How long have you worked at the U of L?
I have worked at the University of Lethbridge for 13 years now, starting as a proctor in the student computer labs during my BSc in Chemistry. I got involved in student research later on in my degree, working under Dr. Paul Hazendonk, Dr. David Siminovitch and Tony Montina, which has led to my current full-time employment in the Magnetic Resonance Facility after my graduation in 2014.
What are your main duties?
My duties cover the breadth of magnetic resonance equipment at the U of L, as well as associated hardware and infrastructure. I monitor and maintain the equipment that supports the NMR (Nuclear Magnetic Resonance) Facility, including our helium recovery and liquification system, as well as data backups that ensure valuable research is never lost. I support and train users of the NMR Facility in carrying out both solution- and solid-state experiments. In addition to these responsibilities in the NMR Facility in the new Science Commons, I am also responsible for frontline support of the U3T Clinical MRI (Magnetic Resonance Imaging) hardware in Exploration Place.
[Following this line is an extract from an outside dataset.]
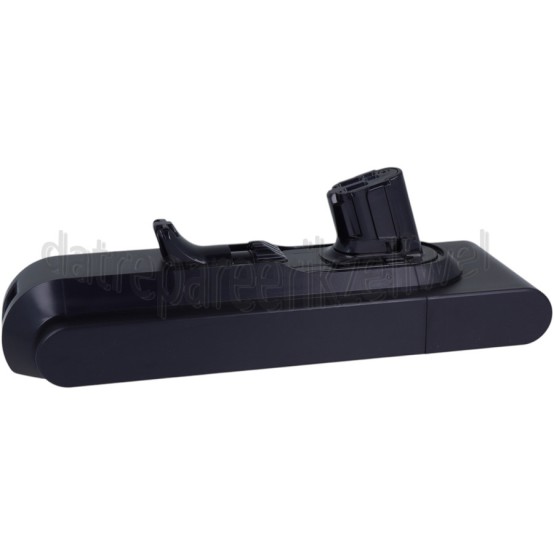 Foto van Dyson Accu Power Pack Bright Copper/Dark Blue SV23 GEN5 Detect Absolute 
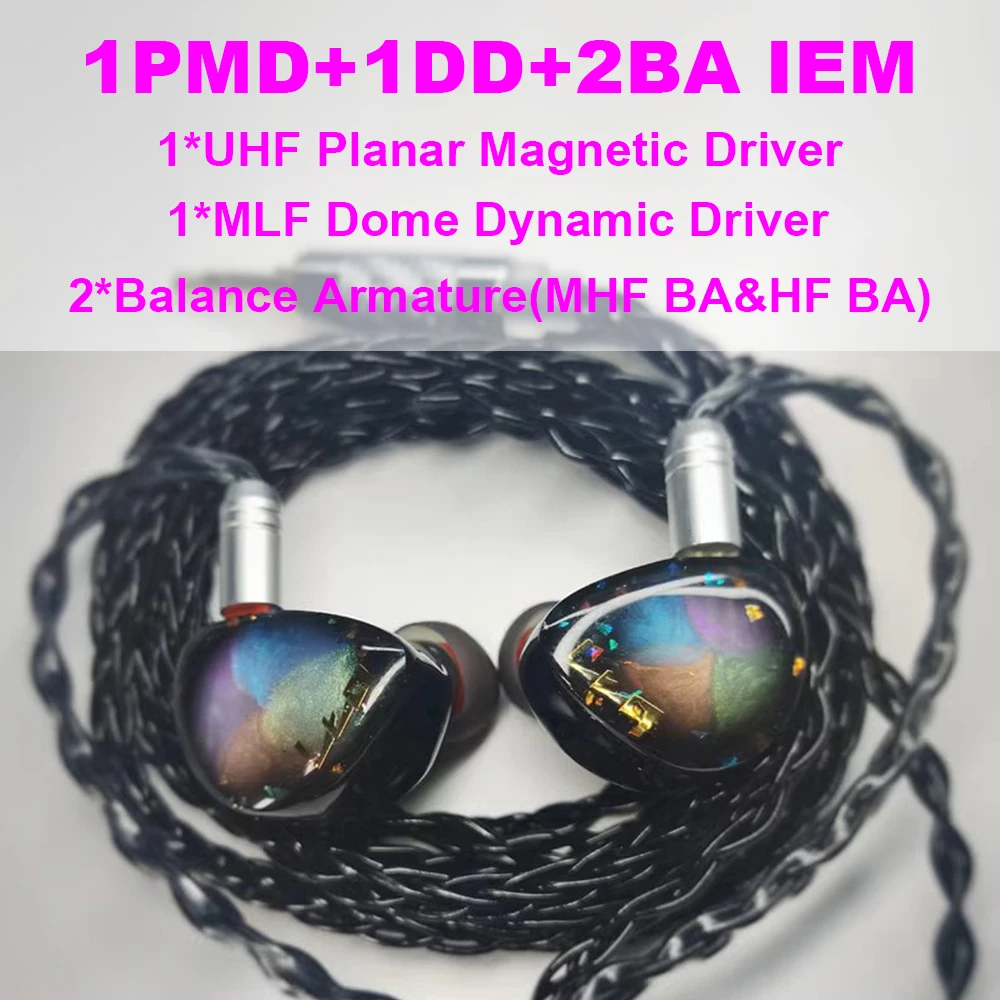 Pmd Iem Earphones H…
How have your duties changed in light of the COVID-19 pandemic?
My interest in automation and computer monitoring, as well as the flexibility of my position, have allowed me to spend the last few years automating the monitoring of much of the NMR Facility equipment, such as cryogen levels and status of the helium recovery system. This has allowed me to easily shift to working from home most days, only being on campus for required tasks such as cryogen fills. A bigger change has been adapting to the realities of training users and troubleshooting problems via Zoom or over the phone.
What’s one thing you’ve learned from this situation?
This situation has highlighted for me the adaptability of the U of L community, even in the face of unprecedented challenges.